**Task input**
* * * * *
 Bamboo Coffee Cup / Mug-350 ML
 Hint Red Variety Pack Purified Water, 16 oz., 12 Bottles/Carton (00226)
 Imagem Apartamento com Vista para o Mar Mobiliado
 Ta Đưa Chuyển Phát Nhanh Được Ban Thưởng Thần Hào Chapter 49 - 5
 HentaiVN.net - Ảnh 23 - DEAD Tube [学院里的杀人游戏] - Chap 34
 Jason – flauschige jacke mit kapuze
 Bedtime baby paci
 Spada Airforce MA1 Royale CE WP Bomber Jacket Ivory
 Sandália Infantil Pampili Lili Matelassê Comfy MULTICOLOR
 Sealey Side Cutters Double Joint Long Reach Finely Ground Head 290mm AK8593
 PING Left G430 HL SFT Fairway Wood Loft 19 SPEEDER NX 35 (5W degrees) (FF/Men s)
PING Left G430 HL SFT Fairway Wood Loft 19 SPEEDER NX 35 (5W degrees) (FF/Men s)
* * * * *
Find how many lines of the listing include the word "Left" and answer with that count by itself.

**Written reply**
2